[Short text fragments from websites]
________________________________________
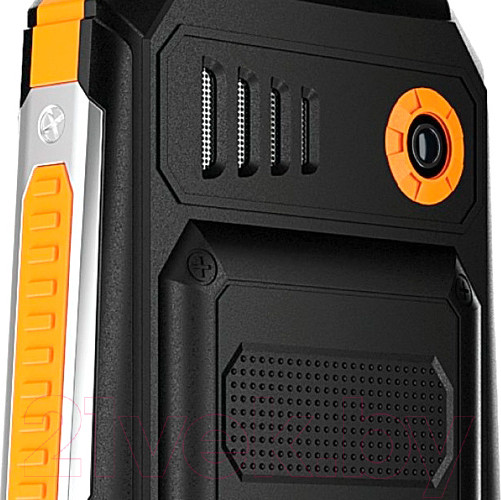 Изображение товара Мобильный телефон Olmio X04 / 043989 (черный/оранжевый)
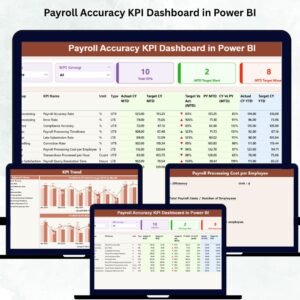 Payroll Accuracy KPI Dashboard in Power BI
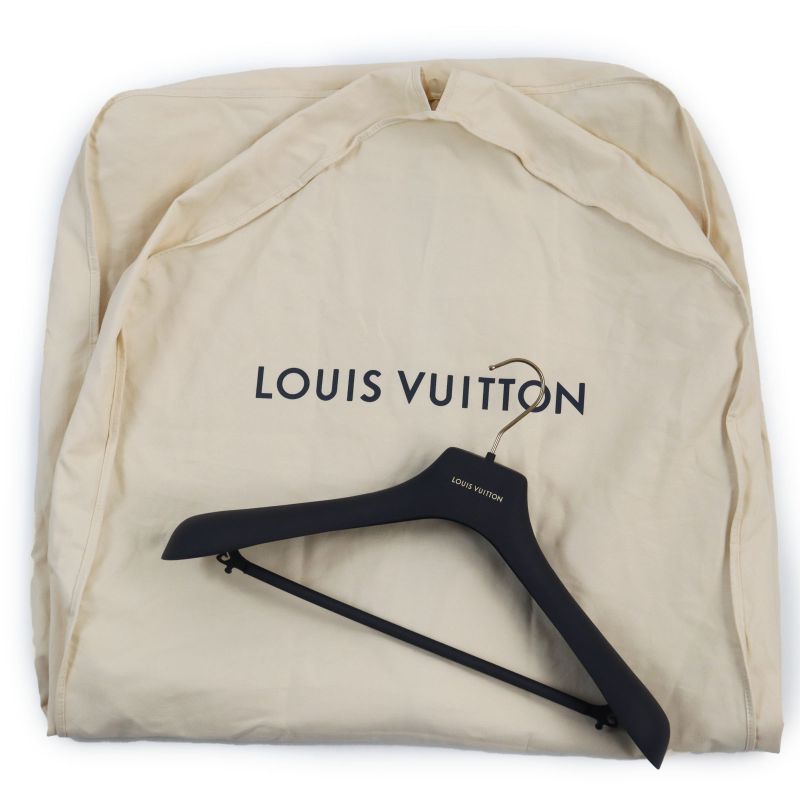 Louis Vuitton 24SS 1afagq Leather And Nylon Blouson Jacket With Padding Jacket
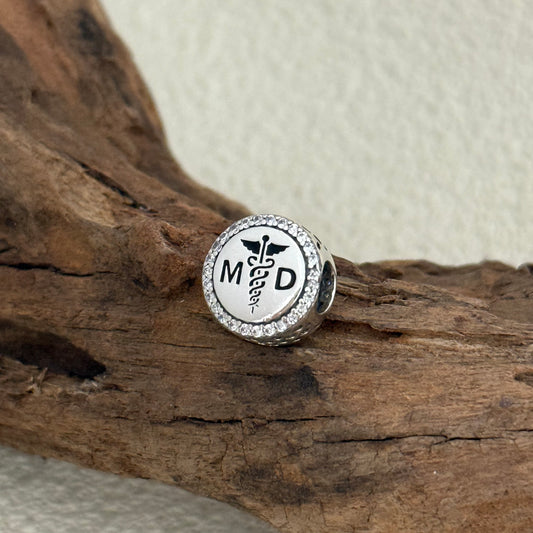 Doctor of Medicine MD Exclusive Bead Charm S925 Silver for Pandora Bracelet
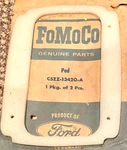 Nos 1965 Ford Mustang Rear Taillight Lens Gasket Pad Fomoco C5ZZ-13420-A. Fixed Price $24.99.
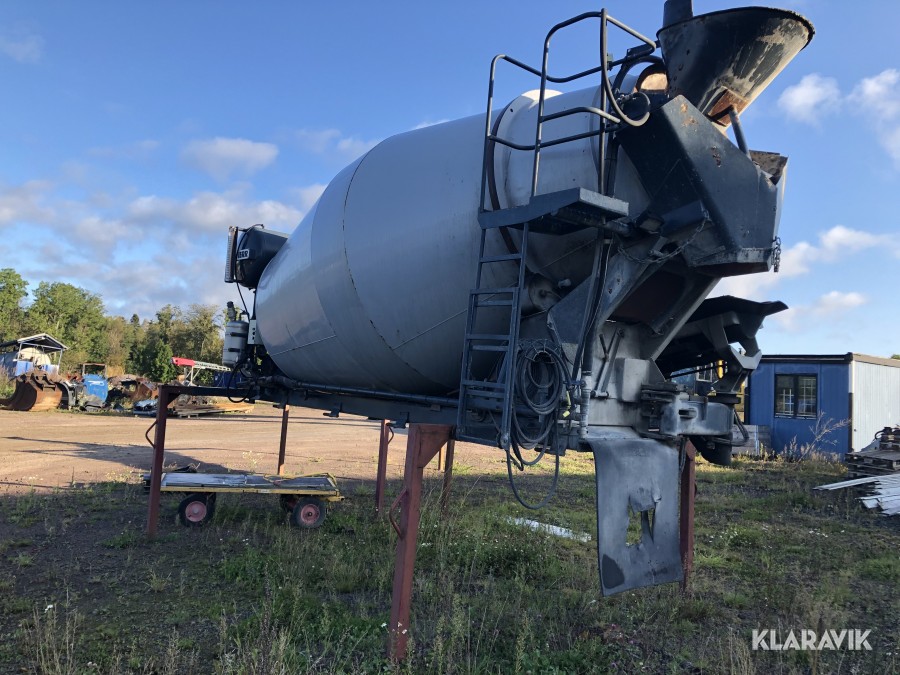 Betongroterare på Cameleont ram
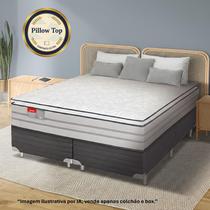 CONJUNTO CAMA BOX QUEEN RECONFLEX PROTETTORE ESPUMA PILLOW TOP VISCOELASTICA 158x198x70 CONJUNTO CAMA BOX QUEEN RECONFLEX PROTETTORE ESPUMA PILLOW TOP VISCOELASTICA 158x198x70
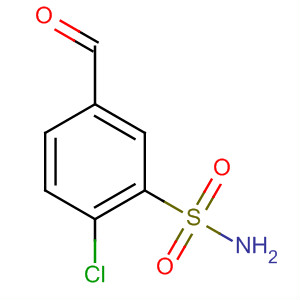 2-氯-5-甲酰基苯磺酰胺结构式_3279-81-0结构式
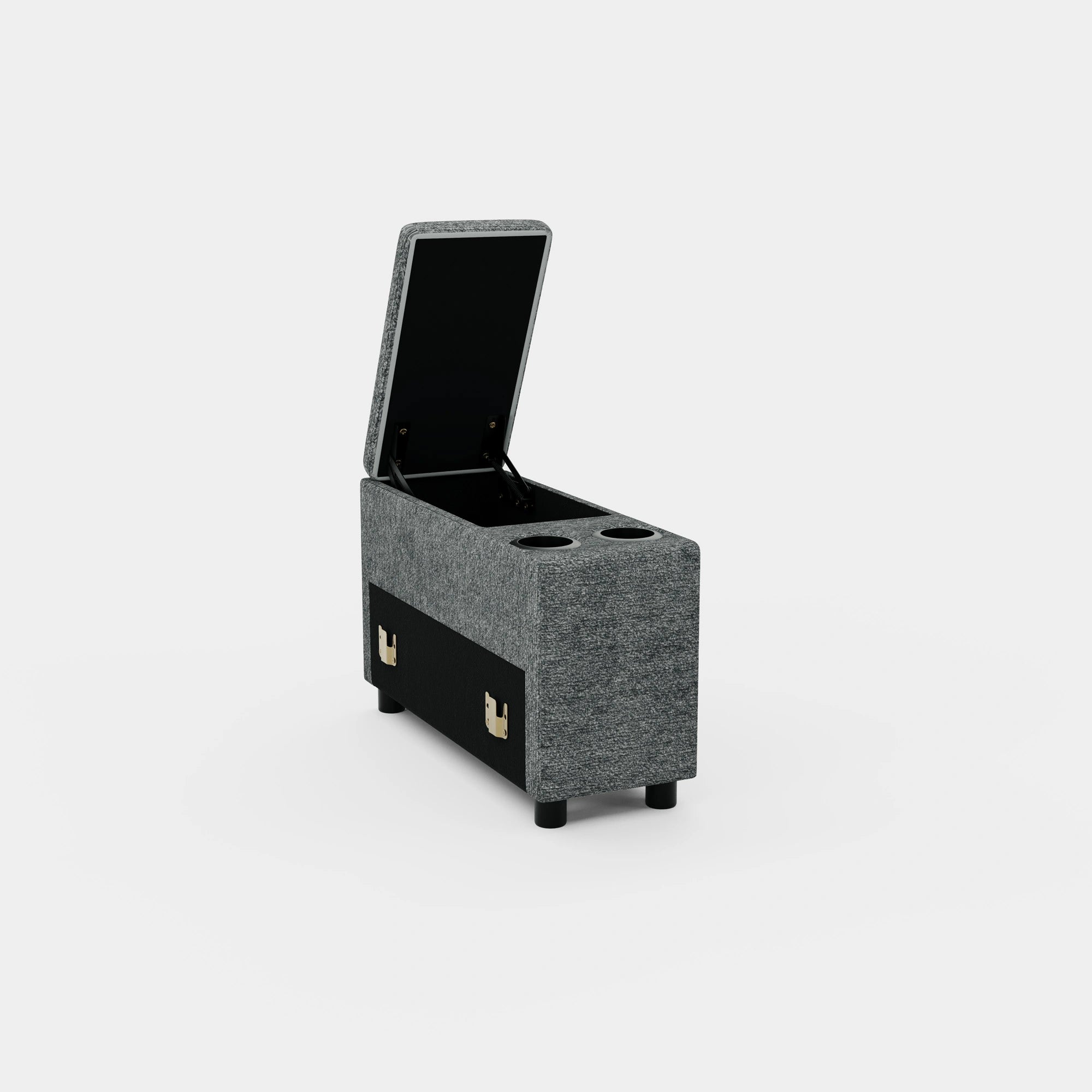 Silver-Grey-/-Chenille-Module-Console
________________________________________
**Your instructions**
Your answer must be an exact repeat of the records above, with no pictures in it.

**Solved exercise**
 Изображение товара Мобильный телефон Olmio X04 / 043989 (черный/оранжевый)
 Payroll Accuracy KPI Dashboard in Power BI
 Louis Vuitton 24SS 1afagq Leather And Nylon Blouson Jacket With Padding Jacket
 Doctor of Medicine MD Exclusive Bead Charm S925 Silver for Pandora Bracelet
 Nos 1965 Ford Mustang Rear Taillight Lens Gasket Pad Fomoco C5ZZ-13420-A. Fixed Price $24.99.
 Betongroterare på Cameleont ram
 CONJUNTO CAMA BOX QUEEN RECONFLEX PROTETTORE ESPUMA PILLOW TOP VISCOELASTICA 158x198x70 CONJUNTO CAMA BOX QUEEN RECONFLEX PROTETTORE ESPUMA PILLOW TOP VISCOELASTICA 158x198x70
 2-氯-5-甲酰基苯磺酰胺结构式_3279-81-0结构式
 Silver-Grey-/-Chenille-Module-Console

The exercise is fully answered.